• MATERIAL SHOWN
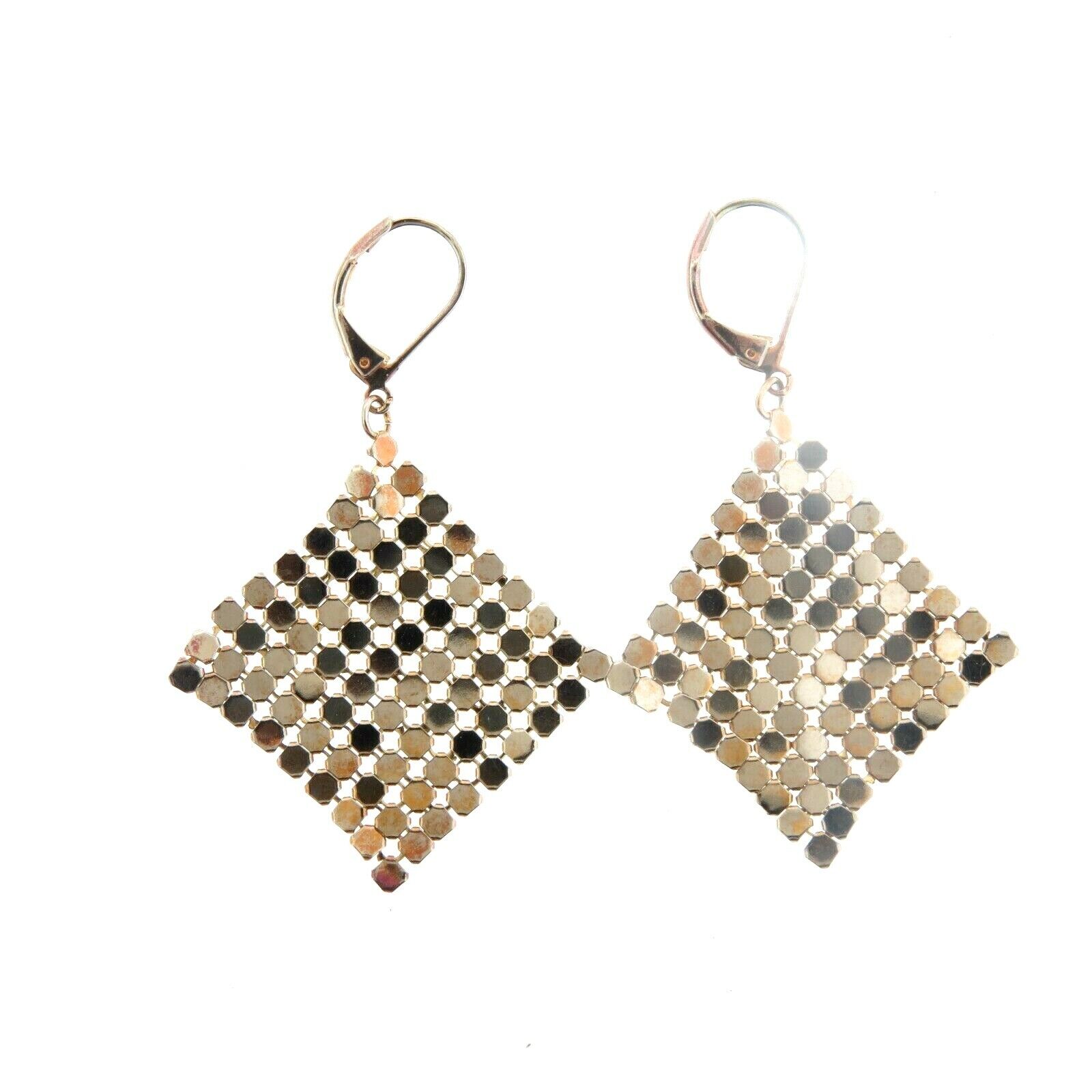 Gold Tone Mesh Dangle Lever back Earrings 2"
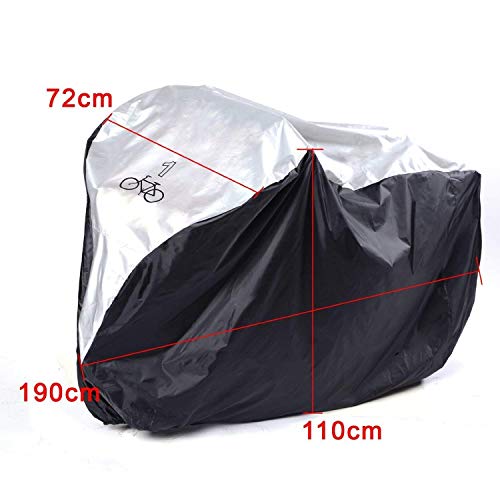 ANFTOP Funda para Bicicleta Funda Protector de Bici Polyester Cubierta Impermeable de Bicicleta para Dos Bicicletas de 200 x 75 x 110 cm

---

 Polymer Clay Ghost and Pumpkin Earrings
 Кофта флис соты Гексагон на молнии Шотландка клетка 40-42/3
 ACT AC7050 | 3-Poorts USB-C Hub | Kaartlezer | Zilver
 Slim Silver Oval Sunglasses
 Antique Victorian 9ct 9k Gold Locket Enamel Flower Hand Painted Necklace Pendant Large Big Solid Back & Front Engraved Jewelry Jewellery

==

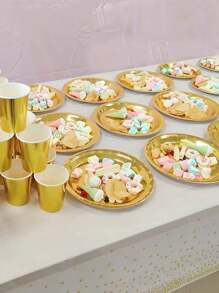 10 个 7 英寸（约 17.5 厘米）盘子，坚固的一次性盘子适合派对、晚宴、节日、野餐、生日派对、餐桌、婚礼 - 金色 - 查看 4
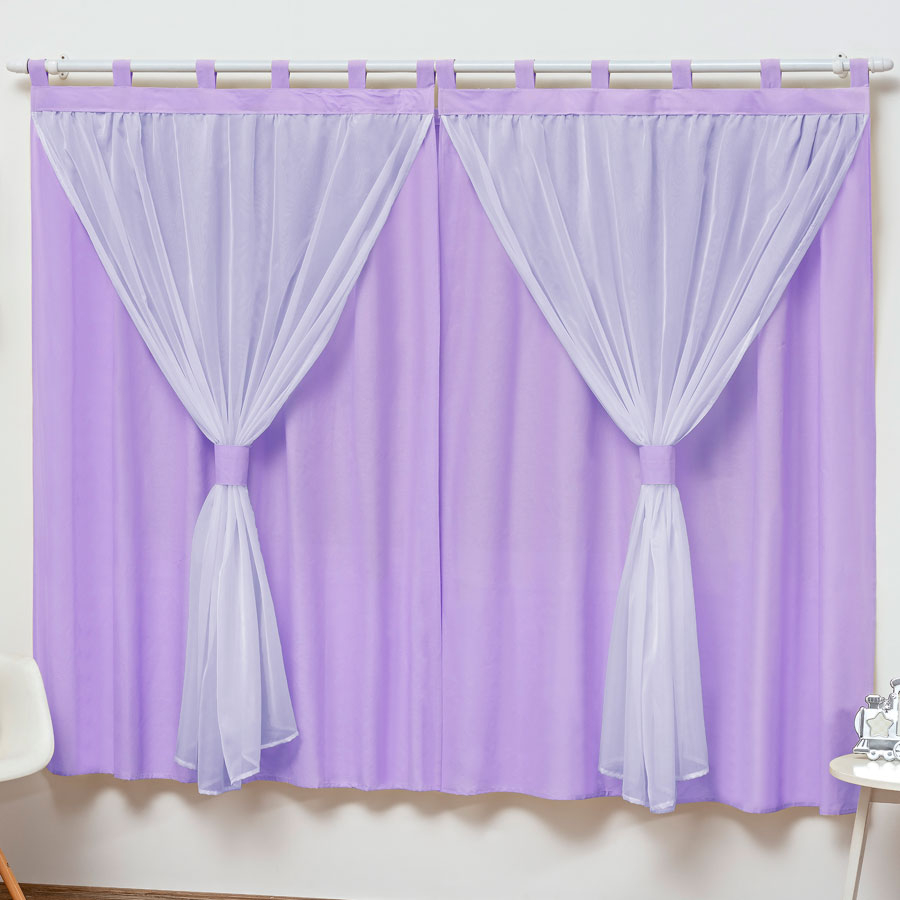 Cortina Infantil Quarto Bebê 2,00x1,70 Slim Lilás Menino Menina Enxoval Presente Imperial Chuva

• EXERCISE DETAILS
Among the records above, extract exactly the lines from the line with "Slim Silver Oval Sunglasses" to the line with "Antique Victorian 9ct", both lines included, and leave out the rest.

• SOLUTION
 Slim Silver Oval Sunglasses
 Antique Victorian 9ct 9k Gold Locket Enamel Flower Hand Painted Necklace Pendant Large Big Solid Back & Front Engraved Jewelry Jewellery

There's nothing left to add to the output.